Implicit Probabilistic Reasoning Does Not Reflect Explicit Answers in Large Language Models
Manuel Mondal, Ljiljana Dolamic, Gérôme Bovet, Philippe Cudré-Mauroux, Julien Audiffren
TL;DR
The paper addresses how large language models (LLMs) reason about probabilities beyond answering explicit questions. It introduces implicit probabilistic reasoning, which leverages next-token distributions in text generation to assess whether probabilistic information is integrated coherently into model output, rather than relying solely on MCQ-style correctness. Across multiple open-weight models and five scenario families, the study finds a consistent gap: models perform well on explicit probabilistic questions but often misalign their implicit predictions with ground-truth probabilities, and these predictions are distorted by prior events and label biases.
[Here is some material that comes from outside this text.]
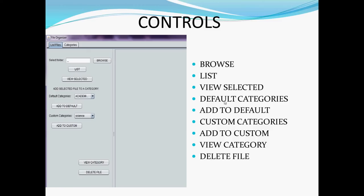We can add the categories we need by selecting the Custom Categories option. We can view the category of a particular file and delete the unwanted files.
The findings suggest that MCQ benchmarks can overstate probabilistic competence and highlight the need for evaluation paradigms that probe the generative use of probabilistic information to improve reliability in real-world deployments.
Abstract
The handling of probabilities in the form of uncertainty or partial information is an essential task for LLMs in many settings and applications. A common approach to evaluate an LLM's probabilistic reasoning capabilities is to assess its ability to answer questions pertaining to probability through the use of multiple-choice questions (MCQs). However, this paradigm, which we refer to as explicit probabilistic reasoning, has been shown in the literature to yield significant limitations (e.g., sensitivity to answer ordering). In this work, we introduce an alternative approach, named implicit probabilistic reasoning, which evaluates the models' ability to integrate probabilistic reasoning into their text generation process. To achieve this, we rephrase MCQs as text-completion scenarios with a determined set of outcomes and compare the model's next-token probability assignments to the true likelihood of the outcomes. In line with previous work, we find that models exhibit solid performance in their explicit probabilistic reasoning (i.e., answers to MCQs). However, during text completion (i.e., implicit probabilistic reasoning), where the same information must be taken into account to generate text, the models' predictions often significantly diverge from the known ground truth. For instance, our evaluation method reveals that implicit probabilistic reasoning is improperly influenced by many factors, such as independent prior events, partial observations about a result, or statistical background information. All of these issues can cause erroneous results to be produced in text generation, which are not detected by conventional MCQ-based evaluation.